▶ [Work item] Repeat only the stretch of lines below that runs from the line with "- Tony Pawlak" through the line with "Pretty Girls - Jack Kwon", unaltered.

(Items from a dataset)
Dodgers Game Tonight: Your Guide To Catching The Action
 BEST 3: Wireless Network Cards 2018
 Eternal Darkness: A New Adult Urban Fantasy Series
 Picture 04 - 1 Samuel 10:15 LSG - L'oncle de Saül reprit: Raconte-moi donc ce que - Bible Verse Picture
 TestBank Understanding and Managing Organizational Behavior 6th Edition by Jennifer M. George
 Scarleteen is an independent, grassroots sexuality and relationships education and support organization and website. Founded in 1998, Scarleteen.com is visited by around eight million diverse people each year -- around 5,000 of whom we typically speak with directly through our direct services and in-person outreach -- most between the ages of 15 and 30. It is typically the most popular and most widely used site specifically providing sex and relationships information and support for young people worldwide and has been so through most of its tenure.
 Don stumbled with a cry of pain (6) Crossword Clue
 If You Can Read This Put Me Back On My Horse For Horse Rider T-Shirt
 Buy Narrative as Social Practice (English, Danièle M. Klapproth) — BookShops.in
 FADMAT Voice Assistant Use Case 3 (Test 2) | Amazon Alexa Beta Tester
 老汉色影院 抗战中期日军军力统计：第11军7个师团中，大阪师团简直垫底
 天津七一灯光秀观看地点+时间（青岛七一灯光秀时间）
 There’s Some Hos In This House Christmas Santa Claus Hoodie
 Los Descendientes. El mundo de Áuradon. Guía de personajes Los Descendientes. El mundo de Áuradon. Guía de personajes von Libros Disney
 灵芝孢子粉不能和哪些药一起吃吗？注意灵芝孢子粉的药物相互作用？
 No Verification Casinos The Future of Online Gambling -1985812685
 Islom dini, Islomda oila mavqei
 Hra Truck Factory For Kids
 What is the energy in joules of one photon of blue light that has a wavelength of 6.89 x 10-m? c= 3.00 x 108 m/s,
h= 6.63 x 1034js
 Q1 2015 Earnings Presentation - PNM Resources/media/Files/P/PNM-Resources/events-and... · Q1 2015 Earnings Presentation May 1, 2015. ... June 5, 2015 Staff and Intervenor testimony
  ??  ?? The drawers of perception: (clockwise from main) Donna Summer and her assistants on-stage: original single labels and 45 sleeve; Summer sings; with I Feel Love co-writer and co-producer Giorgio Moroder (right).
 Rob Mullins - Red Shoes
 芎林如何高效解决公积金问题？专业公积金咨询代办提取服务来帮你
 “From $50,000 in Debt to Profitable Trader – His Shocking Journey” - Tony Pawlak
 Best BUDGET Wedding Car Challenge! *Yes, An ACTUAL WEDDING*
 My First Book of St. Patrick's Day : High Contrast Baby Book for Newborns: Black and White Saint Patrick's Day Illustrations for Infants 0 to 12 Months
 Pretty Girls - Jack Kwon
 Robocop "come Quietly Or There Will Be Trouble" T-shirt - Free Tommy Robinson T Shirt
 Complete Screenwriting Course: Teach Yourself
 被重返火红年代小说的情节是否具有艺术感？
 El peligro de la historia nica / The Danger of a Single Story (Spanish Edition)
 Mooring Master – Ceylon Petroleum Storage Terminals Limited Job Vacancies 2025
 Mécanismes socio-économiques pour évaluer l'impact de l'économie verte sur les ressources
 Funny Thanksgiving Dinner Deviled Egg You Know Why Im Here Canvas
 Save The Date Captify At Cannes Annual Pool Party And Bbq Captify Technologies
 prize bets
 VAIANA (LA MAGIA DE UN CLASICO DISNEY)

▶ [Exercise result]
 “From $50,000 in Debt to Profitable Trader – His Shocking Journey” - Tony Pawlak
 Best BUDGET Wedding Car Challenge! *Yes, An ACTUAL WEDDING*
 My First Book of St. Patrick's Day : High Contrast Baby Book for Newborns: Black and White Saint Patrick's Day Illustrations for Infants 0 to 12 Months
 Pretty Girls - Jack Kwon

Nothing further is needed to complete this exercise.